Voir ces danseuses réaliser ces chorégraphies synchronisées,

         Voir ces choristes accompagnant le chant de leur voix suave, revêtant toutes le même style vestimentaire : c’était l’époque de la coiffure « banane », Afro, « Chignon », les matôbôLes hommes revêtaient des ensembles « complet-complet » jeans , ou pour les plus fortunés, des costards dans lesquels ils baignaient harmonieusement. Les pantalons étaient suspendus très haut au niveau de l’abdomen et une belle ceinture mettait en évidence «l’enfilage » d’une chemise ou d’un T-Shirt de couleur frappante. Les salopettes jeans trônaient fièrement au sommet de leur gloire.

Dans ces clips, les danseuses sont très décentes et « catholiques », contrairement à ce que l’on voit aujourd’hui sur nos écrans où…

           Les messages véhiculés en langue bassa ou Douala ont davantage une visée éducative que ludique. Les atalakus, ces paroles dithyrambiques qu’ils insèrent ingénieusement pour des élites politiques ou des opérateurs économiques, ne manquaient évidemment pas : l’artiste doit bien vivre de son art dans un pays où le droit d’auteur était (est) malade voire moribond. On est loin des paroles obscènes que nous retrouvons dans la chanson contemporaine camerounaise. Je ne voudrais point incriminer les artistes musiciens qui sont bien obligés parfois de suivre l’évolution des mœurs et des préférences sociales.

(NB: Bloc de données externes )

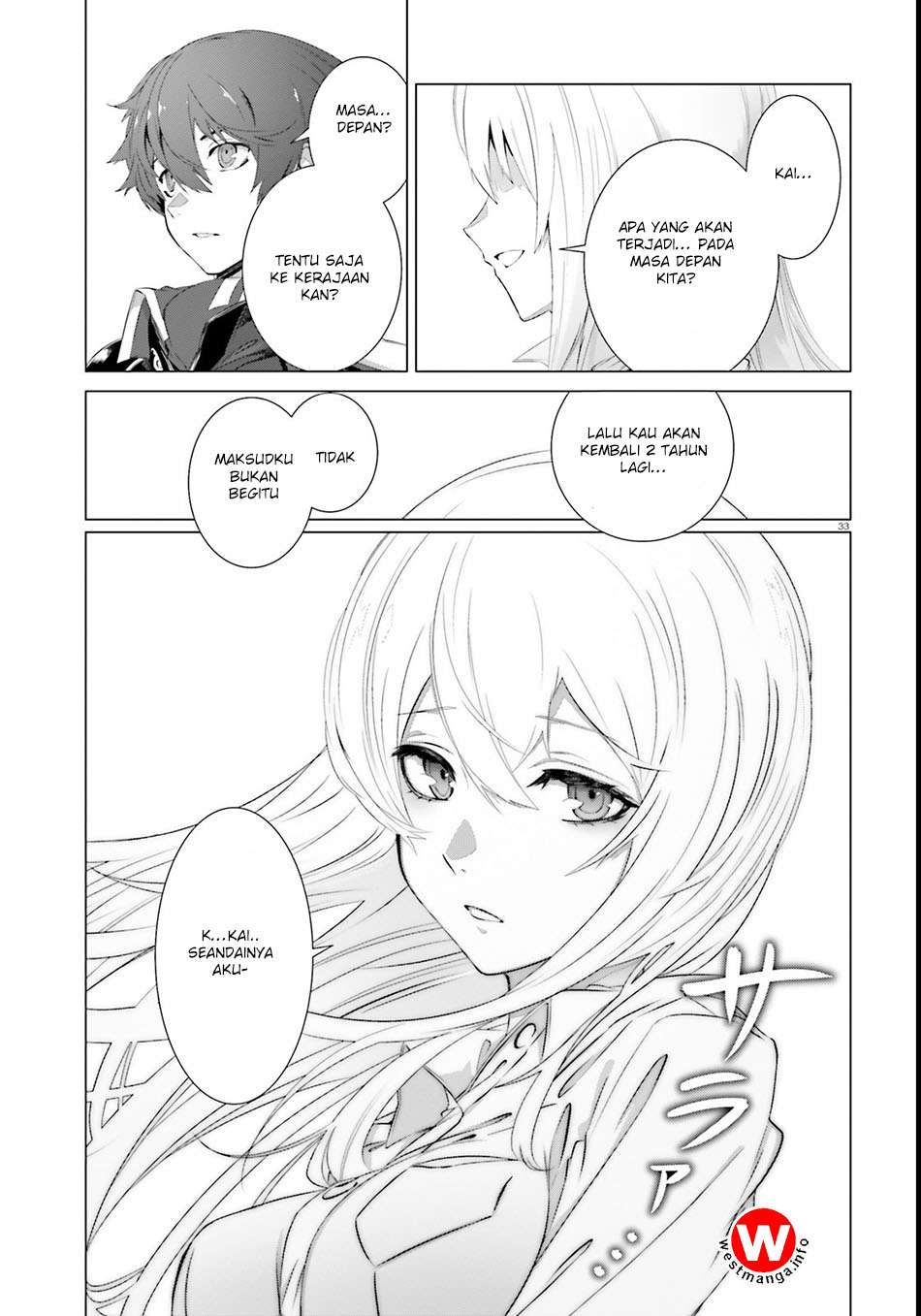 Chapter 1 - halaman 34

Cela trahit en fait la décrépitude croissante du système de valeurs morales et éthiques et partant celui du système éducatif.

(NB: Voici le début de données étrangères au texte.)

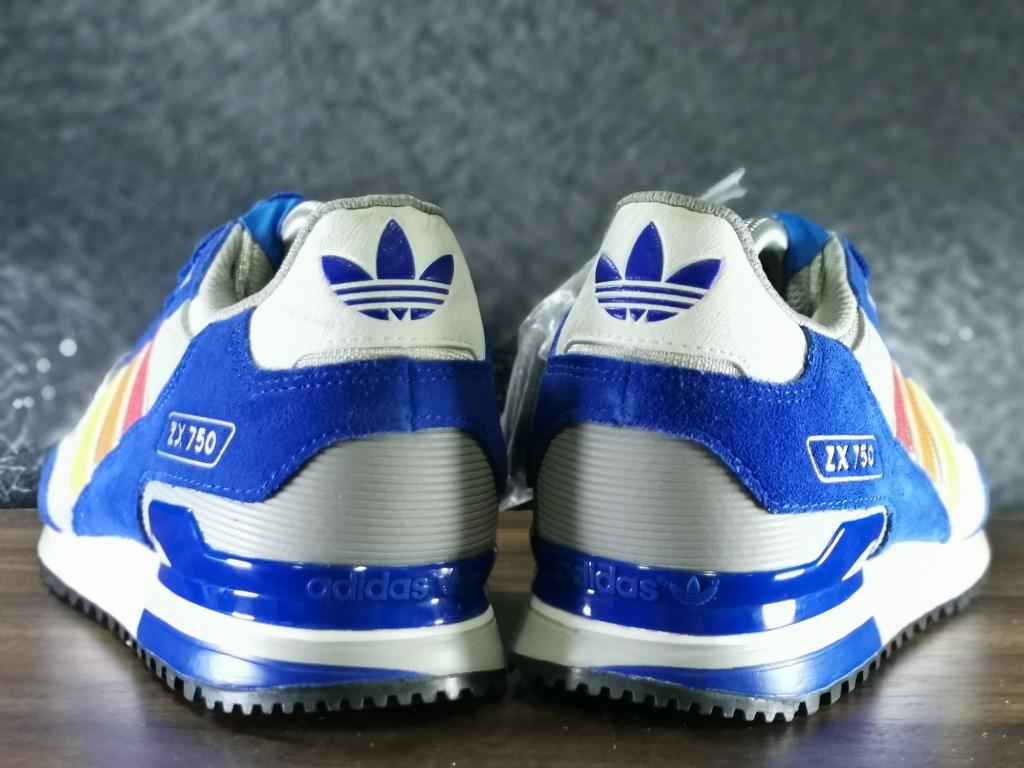 Adidas zx 750 q35490 sales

Dans ces clips, le décor y est presque toujours le même :  ambiance feutrée dans un « night club » chic ; dans un salon luxurieux ou tout simplement des scènes prises dans la rue. Les plus fortunés réalisaient des scènes à Paris.

     J’étais sur le point de clôturer ce petit billet quand le clip de Kotto Bass a enchaîné : Edith. Ma tante a immédiatement dit : « cet artiste pour moi était titulaire d’une Licence en Makossa ». Chez moi, des réminiscences émergèrent sur les différentes heures que nous passions, à la veille des bals et soirées culturelles de l’université, pour essayer de reproduire ses talentueux pas de danse dont lui seul détenait le secret. Je ne saurais oublier Douleur, un autre magicien du Makossa camerounais, dont le clip « Oh Shémoh » a longtemps marqué les jeunes de ma génération. San Fan Thomas, ça vous dit quelque chose ???

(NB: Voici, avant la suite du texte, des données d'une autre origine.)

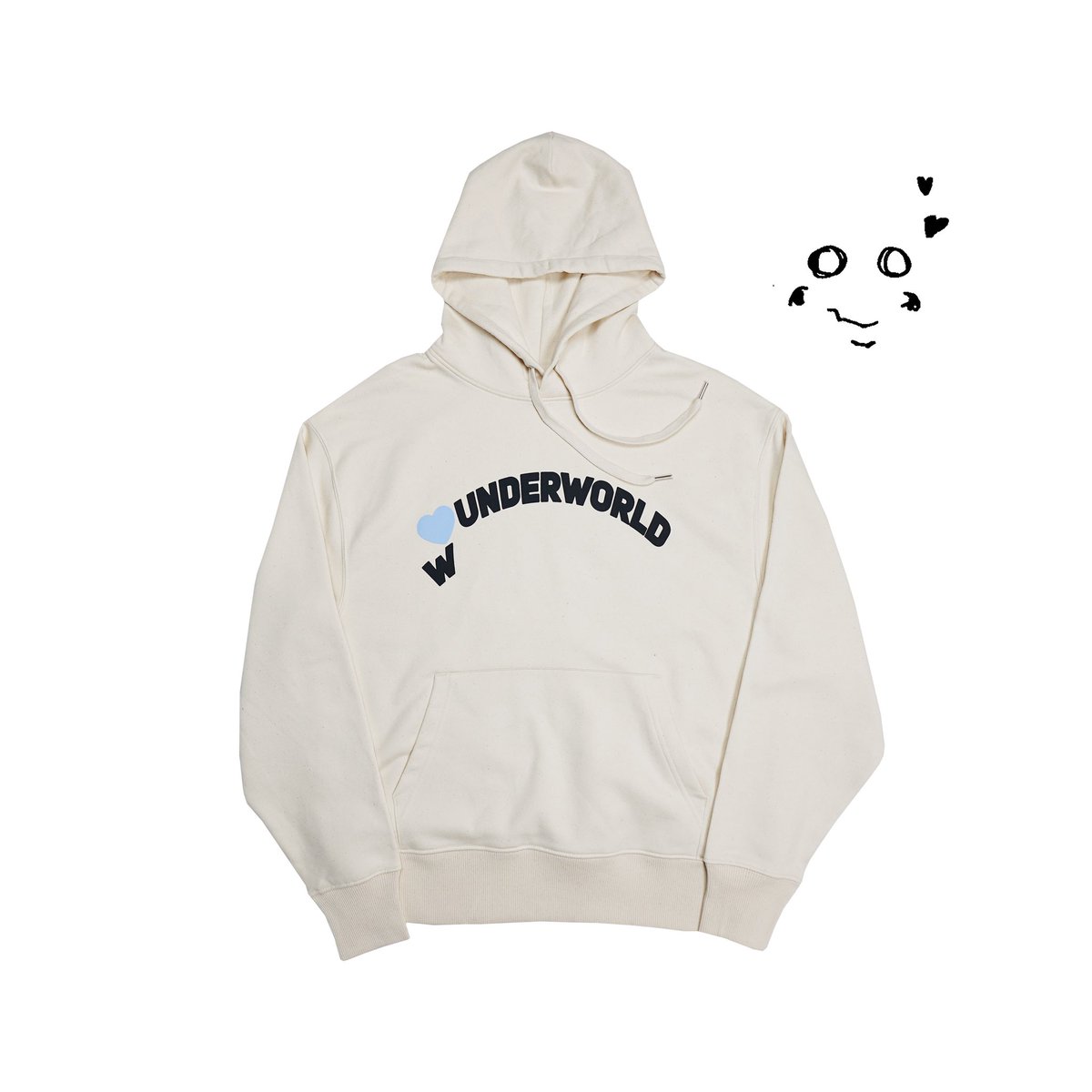 TOMORROW @ 12PM PST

            J’aurais aimé continué à vous décrire la jouissance phonique qui flattait mon ouïe. Je ne pouvais me retenir de réaliser des jeux de tête ou d’accompagner les refrains. Mon regard et mon corps étaient comme prisonniers de l’écran. Je redécouvrais avec plaisir ces artistes qui avaient longtemps bercé notre enfance et dont nous avons longtemps singé les chorégraphies. Toutefois ce plaisir, cette joie, cette fierté s’amenuisent lorsque je regarde le paysage musical contemporain au Cameroun : les contenus musicaux, pour la plupart, sont vides (de pures coquilles vides) et pervertissent davantage la jeunesse, la filière n’est pas toujours professionnalisée (tout le monde est musicien quand ça l’enchante), la gestion des droits d’auteur est calamiteuse (la plupart des musiciens ne vivent pas de leur métier)… Et ce qui m’énervent le plus, c’est la très faible valorisation de notre riche patrimoine artistique et musical qui fait notre fierté à l’échelle internationale : presqu’aucun lieu de mémoire pour les pionniers décédés, la méconnaissance institutionnelle des vrais artistes contemporains (Kareyce Fotso, Charlotte Dipanda, Manu Dibango…), la faible visibilité des festivals de musique nationaux (Festi-Bikutsi, Sea and Sea Musique Festival de Kribi…)…

Je ne voudrais point m’attarder sur ces obstacles à l’émergence de la musique camerounaise car je vous ai signalé en amont que je serai bref. Je vous laisse donc savourer ces mélodies, rythmes, chants et sons qui suscitèrent tant d’émoi en moi :

Guy Lobè : Dieudonné : Je m’appelle Dieudonné et je t’ai tout donné : l’amour, la gentillesse..mais ça n’a pas suffi… J’ai tout donné et Je suis resté comme ça, comme ça, comme ça !!!

Petit Pays : Haoussa.  A l’intro : Pourquoi papa a tapé maman eh eh !… Djamna eh Djamna eh Djamlamdouna…

Bonne dégustation et surtout JOYEUSE FÊTE DE LA MUSIQUE !!!